Pour une équipe londonienne qui fait sa planification le matin, c’est proche de l’idéal. Pour une équipe qui a l’habitude de laisser les décisions à un point de seize heures, la forme ne convient pas, et le remède est de déplacer ce point plutôt que de se plaindre de la géographie.

Ce qu’il faut mettre dans le chevauchement

Les heures de chevauchement sont un budget, et la plupart des équipes les dépensent mal, en y logeant ce qui aurait pu être asynchrone et en repoussant aux extrémités ce qui exige une personne.

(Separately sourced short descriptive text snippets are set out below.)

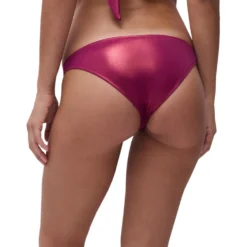 Bikinislip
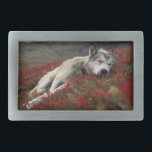 Belo Sleing Wolf Belt Buckle<br><div class="desc">Este é um belo cinto de lobo adormecido</div>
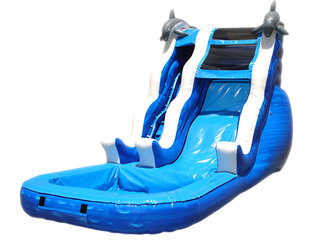 Dolphin Rush Wave Waterslide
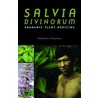 Salvia Divinorum - Shamanic Plant Medicine door Shaahin Cheyene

  • Pendant les heures communes : les décisions, le déblocage, le travail en binôme sur tout ce qui est nouveau, les discussions de revue de conception et de code, les démonstrations, et tout ce dont l’intérêt est que deux personnes réagissent l’une à l’autre
  • En dehors de ces heures : le point d’avancement écrit, la documentation, la file de travaux déjà convenue, et tout ce qu’une personne peut faire seule avec une définition claire du « terminé »
  • Jamais dans la dernière heure de la journée du camp le plus court : une question dont la réponse détermine ce que quelqu’un fera ensuite

Une discipline utile pour une équipe britannique en particulier : traiter quinze heures comme l’heure limite pour tout ce qui débloque quelqu’un d’autre, comme vous traiteriez l’heure de levée du courrier. C’est arbitraire, c’est facile à retenir, et cela supprime l’essentiel des frictions que l’écart de deux heures peut produire.

La Belgique, la Suisse et les pays nordiques, en bref

La Belgique, la Suisse, l’Autriche, l’Espagne, l’Italie, la Suède, le Danemark, la Norvège et la Pologne sont tous à l’heure d’Europe centrale : le calcul berlinois s’applique tel quel, une heure d’écart, environ sept heures communes. L’Irlande et le Portugal partagent l’horloge britannique : c’est donc le calcul londonien qui s’applique, deux heures d’écart, environ six heures communes.

Deux habitudes locales déplacent légèrement le tableau. Les journées de travail nordiques commencent et finissent tôt, ce qui pousse le chevauchement encore plus loin dans la partie productive de la journée. Les journées espagnoles et italiennes s’étirent souvent plus tard, ce qui signifie que la fenêtre commune couvre confortablement la période de collaboration de l’après-midi, mais que le côté beyrouthin a terminé avant qu’une réunion espagnole de fin d’après-midi ne commence.

Le chiffre n’est pas le sujet

Six ou sept heures de chevauchement suffisent pour qu’une question coûte quelques minutes plutôt qu’une journée, et c’est là toute la promesse pratique. Au-delà d’un certain point, davantage de chevauchement n’apporte rien : une équipe dans le même fuseau horaire mais avec de mauvaises règles de travail paraîtra plus lente qu’une équipe une heure en avance avec de bonnes règles. Faites le calcul une fois, assurez-vous que ce n’est pas une contrainte, puis consacrez votre attention à ce qui varie réellement d’un prestataire à l’autre.